DATA LISTING START

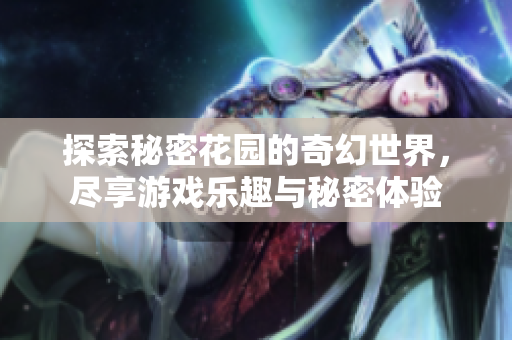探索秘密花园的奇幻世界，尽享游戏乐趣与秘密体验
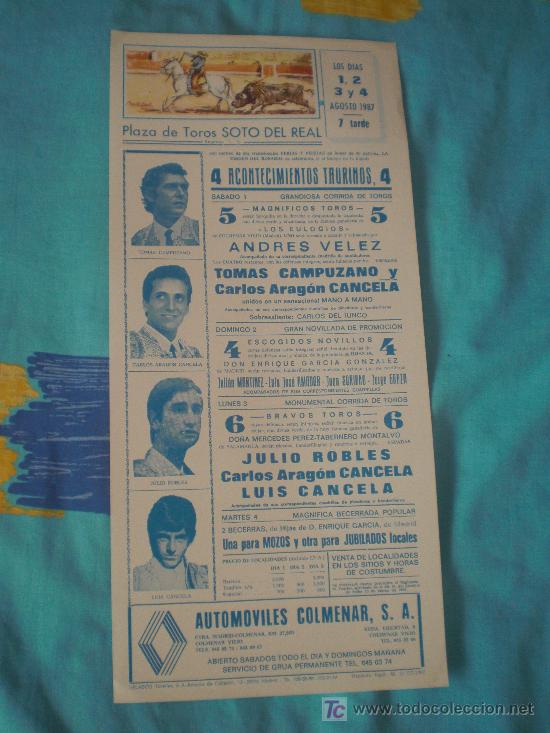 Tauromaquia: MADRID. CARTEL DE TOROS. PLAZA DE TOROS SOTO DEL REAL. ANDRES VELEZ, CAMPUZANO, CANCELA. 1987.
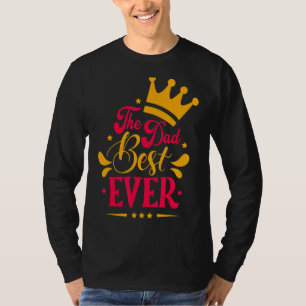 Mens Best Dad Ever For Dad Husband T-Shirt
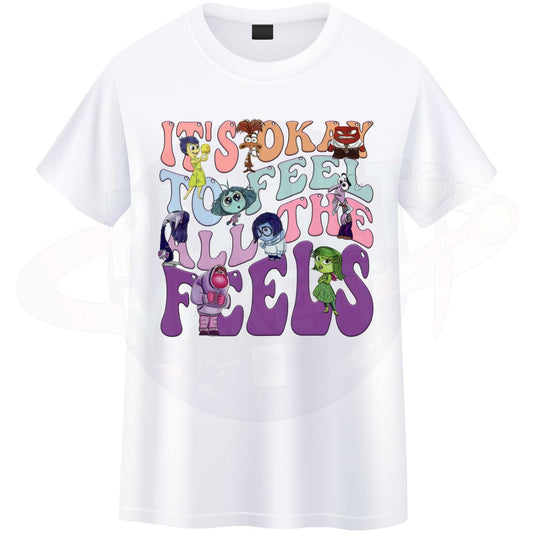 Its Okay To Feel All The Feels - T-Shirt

DATA LISTING END
DATA LISTING START

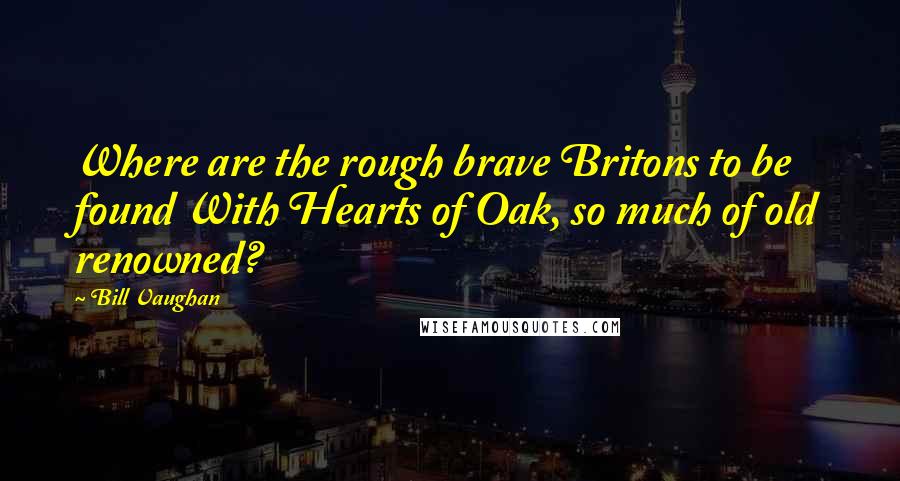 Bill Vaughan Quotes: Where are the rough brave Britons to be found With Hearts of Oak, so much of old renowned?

DATA LISTING END

# TASK INSTRUCTIONS
Pictures do not belong in the answer. Return the lines above starting at the one with "探索秘密花园的奇幻世界，尽享游戏乐趣与秘密体验" and ending at the one with "Its Okay To Feel All The Feels - T-Shirt", both kept, exactly.

# TASK OUTPUT
探索秘密花园的奇幻世界，尽享游戏乐趣与秘密体验
 Tauromaquia: MADRID. CARTEL DE TOROS. PLAZA DE TOROS SOTO DEL REAL. ANDRES VELEZ, CAMPUZANO, CANCELA. 1987.
 Mens Best Dad Ever For Dad Husband T-Shirt
 Its Okay To Feel All The Feels - T-Shirt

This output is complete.